Version 1.2 of the Syncplicity app debuted Thursday in the app store, pitched primarily at business users who must share documents with multiple colleagues in multiple locations while keeping them secure at the same time.
“The Internet is becoming the de facto corporate network,” said Leonard Chung, Syncplicity’s cofounder and chief product strategest. “Our goal is that when people use and act on their data, they have it wherever they are.”
Like OfficeDrop (or perhaps a supercharged version of Dropbox), Syncplicity lets users store, manage, and sync documents online, accessible from devices running a variety of operating systems, including iOS, Mac OS X, Windows, and Android. A “business edition” account with Syncplicity allows multiple users to access those documents; the iOS app offers the ability to upload photos and video, as well, from a mobile device, the company said.
Chung said Syncplicity offers “military-grade” security–encryption of the data during transmission between devices, as well as password protection once documents are stored on the iPhone or iPad. The company also offers a remote-wipe feature if the device goes missing.
“If somebody steals the device, they can’t get at your data,” Chung said.
Syncplicity’s iOS app emerges just as Apple itself is getting into the cloud computing game with its forthcoming iCloud system that will give users 5GB of storage to access documents and media from multiple devices.

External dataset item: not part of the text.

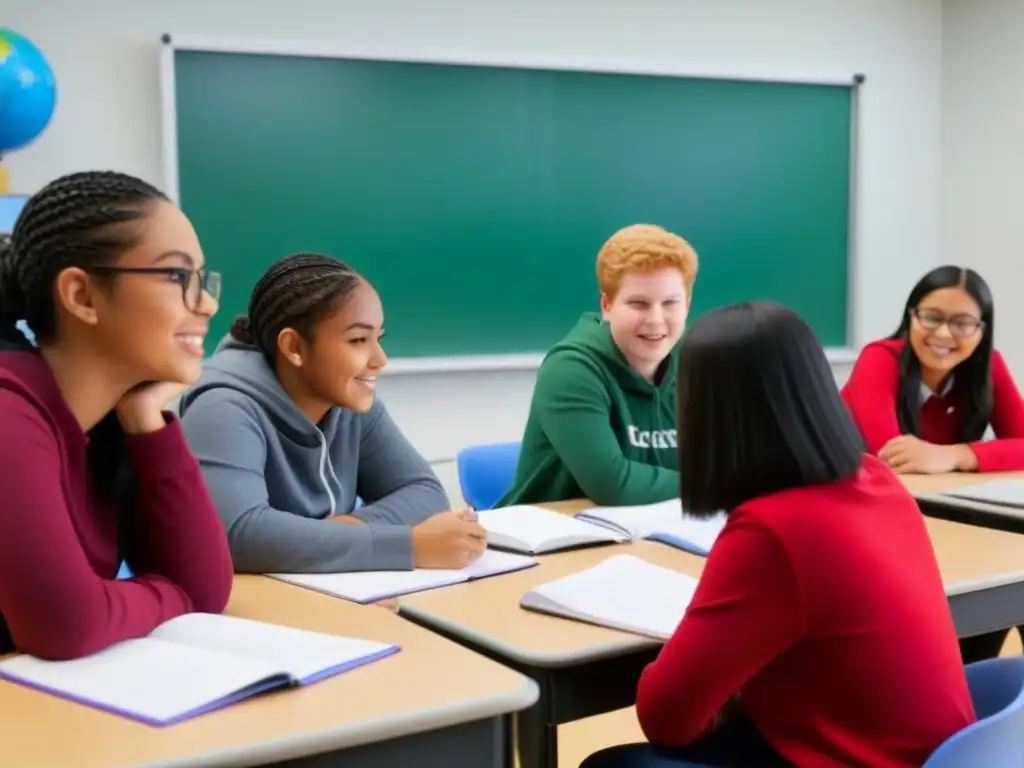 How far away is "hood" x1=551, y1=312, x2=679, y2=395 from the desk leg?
4.18 ft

Chung said that’s not a problem–Syncplicity already offers users mobile access to their shared Google Docs, among other cloud-based services.
“We don’t see them as a competitor,” he said of Apple. “We see them as yet another place we can work with.”
The Syncplicity app is free, and compatible with devices running iOS 4.2 or later. Users who want to access their data from more than two computers must pay a $15-a-month subscription fee; business fees start at $45 a month to let three people access up to 50 GB of shared documents.